Step 6 — Wire Everything Together

Python
# dashboard.py  (part 3 — append to the same file)

from report_generator import generate_report


def main():
    if len(sys.argv) < 2:
        print("Usage: python dashboard.py <path-to-csv>")
        sys.exit(1)

    csv_path = sys.argv[1]
    csv_name = os.path.basename(csv_path)

    # 1. Read
    df = read_csv(csv_path)

    # 2. Summarize
    summary = build_data_summary(df)

    # 3. Analyze
    print("Sending data to Claude for analysis...")
    analysis = analyze_with_claude(summary)

    # 4. Save JSON
    os.makedirs("output", exist_ok=True)
    json_path = "output/analysis.json"
    with open(json_path, "w") as f:
        json.dump(analysis, f, indent=2)
    print(f"Structured analysis saved to {json_path}")

    # 5. Generate report
    report = generate_report(analysis, csv_name)
    report_path = "output/report.md"
    with open(report_path, "w") as f:
        f.write(report)
    print(f"Markdown report saved to {report_path}")

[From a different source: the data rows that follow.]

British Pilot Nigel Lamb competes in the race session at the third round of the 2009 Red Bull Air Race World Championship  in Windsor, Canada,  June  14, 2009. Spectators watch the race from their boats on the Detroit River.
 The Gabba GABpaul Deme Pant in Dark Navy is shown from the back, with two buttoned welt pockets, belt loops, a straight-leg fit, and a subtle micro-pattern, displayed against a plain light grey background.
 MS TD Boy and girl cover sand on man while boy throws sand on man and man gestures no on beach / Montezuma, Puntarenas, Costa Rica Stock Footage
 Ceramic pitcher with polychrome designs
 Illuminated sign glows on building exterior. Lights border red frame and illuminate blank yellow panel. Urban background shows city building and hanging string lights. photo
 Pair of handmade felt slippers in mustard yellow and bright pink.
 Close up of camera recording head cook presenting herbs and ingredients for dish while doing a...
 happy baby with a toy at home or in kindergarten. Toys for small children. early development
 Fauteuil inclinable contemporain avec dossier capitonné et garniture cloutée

    # 6. Print key insights to terminal
    print("\n=== KEY INSIGHTS ===")
    for insight in analysis["key_insights"]:
        print(f"  • {insight}")


if __name__ == "__main__":
    main()

Running the Project

Terminal

# Set your API key

# Run with any CSV
python dashboard.py sample_data.csv

Expected output

Loaded 1200 rows, 8 columns from sample_data.csv
Sending data to Claude for analysis...
Structured analysis saved to output/analysis.json
Markdown report saved to output/report.md

=== KEY INSIGHTS ===
  • Revenue grew 23% quarter-over-quarter driven by the Enterprise segment.
  • Customer churn spiked in March — investigate support ticket volume.
  • The "price" column has 3 outliers above $10,000 that may be data entry errors.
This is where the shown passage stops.